ChaosBlade is an open source chaos engineering project of Alibaba in 2019. It includes chaos engineering experimental tool chaosblade and chaos engineering platform chaosblade-box. It aims to help enterprises solve high-availability problems in the cloud-native process through chaos engineering. The experimental tool chaosblade supports 3 large system platforms, 4 programming language applications, involving more than 200 experimental scenarios and more than 3000 experimental parameters, which can finely control the scope of the experiment. The chaos engineering platform chaosblade-box supports the hosting of experimental tools. In addition to the hosted chaosblade, it also supports the Litmuschaos experimental tools. There are more than 40 registered companies, of which the ICBC, China Mobile, Xiaomi, JD.com and other companies have landed and used it.

Features#

  • Rich experimental scenarios: including basic resources (CPU, memory, network, disk, process, kernel, files, etc.), multilingual application services (Java, C++, NodeJS, Golang, etc.), Kubernetes platform (covering Container, Pod, Node resources) Scenes, including the above experimental scenes).
  • Diversified execution methods: In addition to using the platform white screen operation, it can also be executed through the blade tool or kubectl or coding that comes with the tool.
  • Convenient scenario expansion capability: All experimental scenarios follow the chaos experimental model implementation, and different levels of scenarios correspond to different actuators, which are simple to implement and easy to expand.
  • Automated deployment of experimental tools: There is no need to manually deploy experimental tools, and the automatic deployment of experimental tools on the host or cluster is realized.
  • Support for hosting of open source experimental tools: The platform can host mainstream experimental tools in the industry, such as its own chaosblade and external litmuschaos.
  • Unified Chaos Experiment User Interface: Users do not need to care about the way of using different tools, and perform chaos experiments in the unified user interface.
  • Multi-dimensional experiment method: Support experiment orchestration from the host to Kubernetes resources, and then to the application dimension.
  • Integrated cloud native ecology: Helm deployment management, integrated Prometheus monitoring, support for cloud native experiment tool hosting, etc.

Architecture design#

At the beginning of chaosblade design, we considered the ease of use and the convenience of scene expansion, which makes it convenient for everyone to use and expand more experimental scenes according to their own needs.
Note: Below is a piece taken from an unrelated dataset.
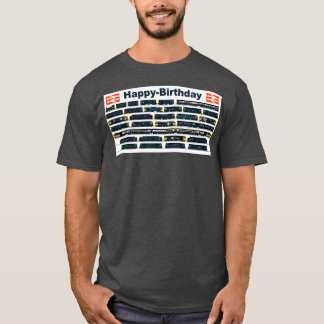 CAMISETA CARTÃO DE ANIVERSÁRIO BRITÂNICO AZUL LOCOMOTIVAS A
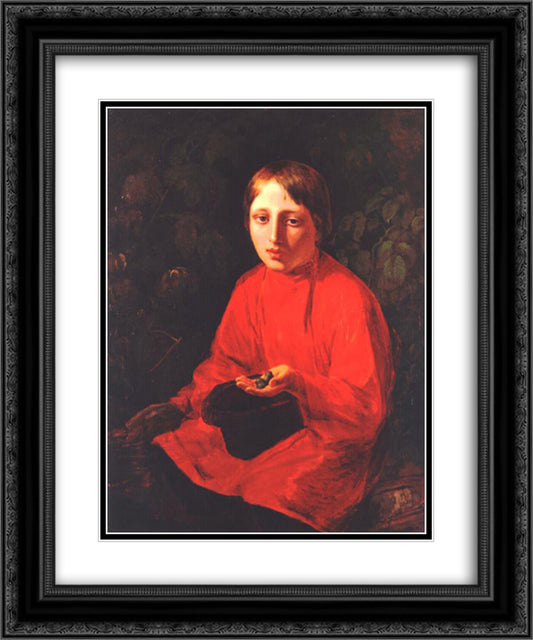 A Boy in a Red Shirt 20x24 Black Ornate Wood Framed Art Print Poster with Double Matting by Venetsianov, Alexey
Following the chaos experimental model, it provides unified operations and concise execution tools, and is divided according to domains. The scene realization is encapsulated into a single project to facilitate scene expansion in the field. Based on the domain implementation, chaosblade is packaged into a separate project. Each project is implemented according to best practices in each field. It can not only meet the usage habits of various fields, but also can establish a connection with the chaosblade cli project through the chaos experimental model, which is convenient to use, and uses chaosblade in a unified call. The yaml file based on the chaos experiment model describes the experimental scenes in various fields and is exposed to the upper chaos experiment platform. The Chaos Experiment Platform automatically perceives the changes in the experiment scene according to the changes in the experiment scene description file, without adding new scenes. Perform platform development again to make Chaos Platform more focused on other parts of Chaos Engineering.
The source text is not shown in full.